Whilst it is supposed that this competition creates more choice for learners, it actually produces the opposite. It leads to a homogeneity in provision as colleges are incentivised to offer the most lucrative courses ‒ for instance, Humanities courses are scrapped in favour of those that cater to industry. In short ‒ the market determines which courses are valuable and which are not.

It is then no wonder that apprenticeships and creating strong employer relationships are now big priorities for colleges: the desires of industry are inherently more valuable than those of learners and staff.

This competition has also led to the emergence of “super colleges”, which are able to centralise power and influence by offering a standardised, employer-focused curriculum. In the same way that we observe concentrations of corporate power in other sectors of society, we now see the emergence of huge multimillion-dollar college corporations that operate across huge geographies and restrict choice in many areas.

The Tories have been clear about their intentions to create “fewer, larger, more resilient and efficient providers” and their desire to “rationalise” the existence of smaller colleges by trying to force them to merge with larger ones. The impact of these changes is especially profound for people in rural, non-metropolitan communities where many smaller, community-focused colleges have been forced into mergers with larger more powerful providers.

Austerity and adult education

These changes form part of a broader political agenda to shift the burden of funding of further education away from the state.
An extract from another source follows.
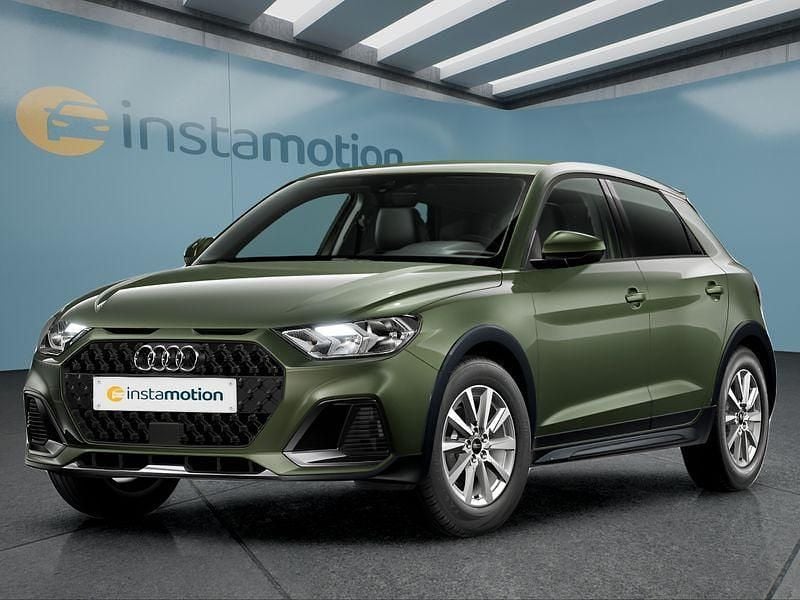 Gebraucht Audi A1 116 PS (85 kW) 2025 SUV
This is demonstrated by huge reductions in the level of government funding made available to colleges from the Skills and Education Funding agencies. This funding has reduced year on year since 2011 and there is no indication that it will ever return to pre-austerity levels.

These funding reductions have disproportionately hit adult education, where a covert attempt has been made to displace the cost of education onto learners. In recent years, student loans have been introduced to offset the costs of FE based adult education. Now 19+ learners are forced into accepting student loans to study on most further education courses. If the current trajectory is maintained, it seems likely that public funds will soon no longer be used to support adult education at all.

The starkness of the situation is acutely summarised by the Association of Colleges who warn that: “Adult education and training in England will not exist by 2020 if the government continues with its swathe of cuts.”

The government has slashed the adult education budget by 24% in 2015/16 with plans for further severe reductions in the years ahead. If this pattern continues it will be no time at all before a similar loan based model is applied to all learners and the notion of publicly funded college education disappears completely.

For an end to the marketisation of education – fight for socialism!

The growing acceptance of private sector values and significant reductions in public funding present an existential threat to further education in the UK. The state has taken a back seat and now colleges are able to operate without restraint. For some colleges this is great, but it creates a hugely unequal system, leaving countless numbers of community based colleges unable to compete.

To be clear, the further education system before incorporation was no panacea, but inspired by the efficiency and wisdom of markets, a political decision was made to unleash forces that could not be contained. The impacts that this has had on learners and college staff has been devastating. Education needs to be accessible, transparent, democratic and publicly funded; but these notions need to be fought for.

The changes to further education have largely passed by unnoticed; they occur slowly, almost imperceptibly. Until one day, without noticing, a claim on a shared inheritance disappears, never to return again. It is capitalism that demands this, and only socialism can ensure that those who would otherwise fall through the cracks in society ‒ namely the poor, adult learners, and ethnic minorities ‒ can educate themselves and develop skills for a better life.

By Stephen Burr, Marxist Student Federation supporter.